> **Collected material**:
◇ ◇ ◇ ◇

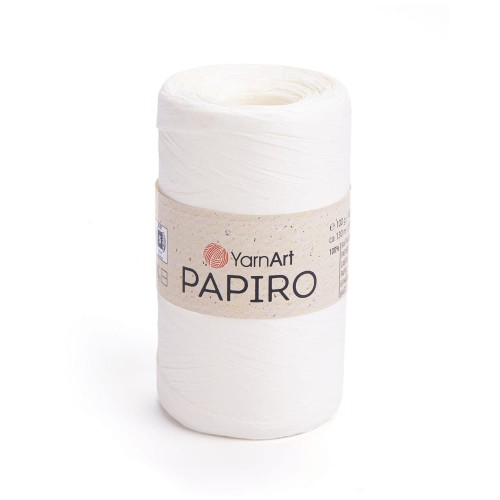 Włóczka celulozowa - sznurek jasny krem - ecru płaski nieskręcony  raffia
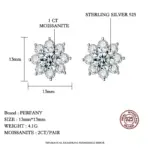 Pendientes de moissanita de 0,3-1 quilates para mujer, pendientes de diamantes de imitación de copo de nieve de plata pura S925, joyería de alta gama para boda 3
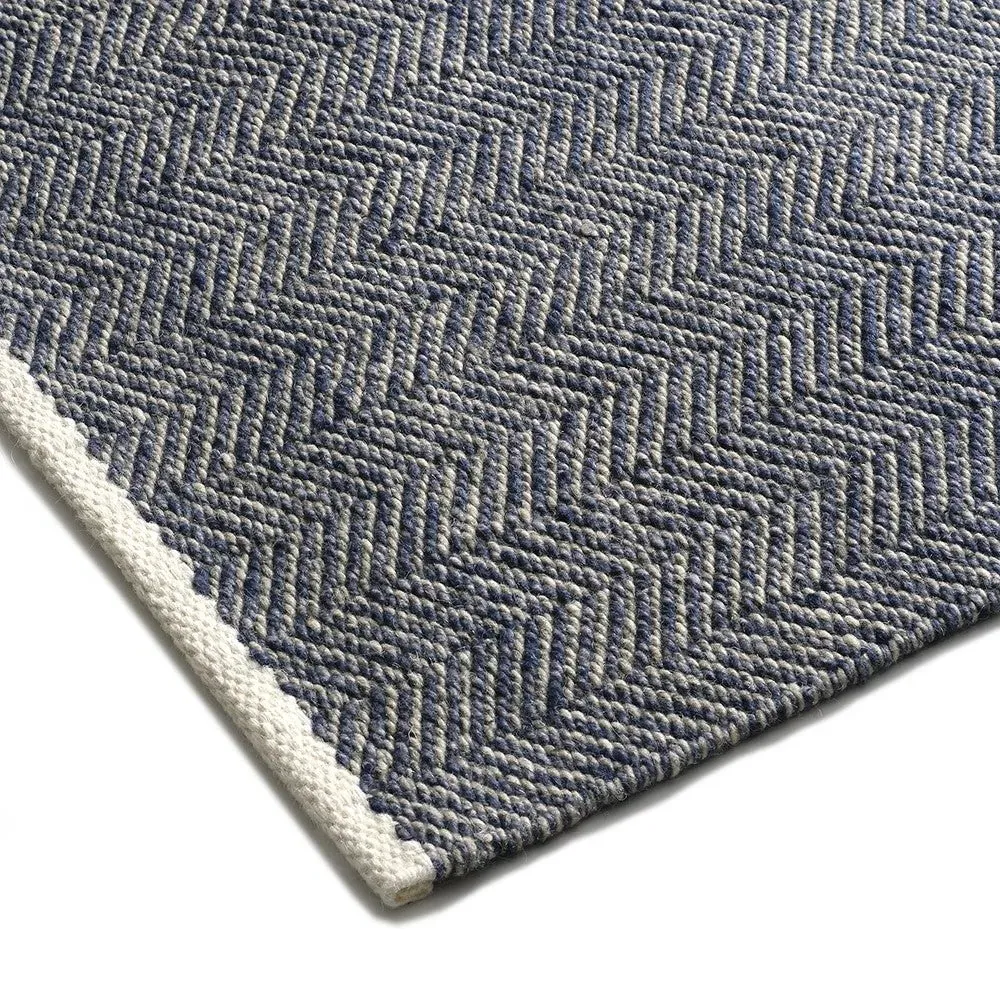 Milton Herringbone Rug 120x170cm - Navy, Wool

◇ ◇ ◇ ◇

> **Exercise description**: Every line from the one bearing "Pendientes de moissanita" through the end of the data above must be output exactly, and no picture may appear.

> **Exercise output**:
 Pendientes de moissanita de 0,3-1 quilates para mujer, pendientes de diamantes de imitación de copo de nieve de plata pura S925, joyería de alta gama para boda 3
 Milton Herringbone Rug 120x170cm - Navy, Wool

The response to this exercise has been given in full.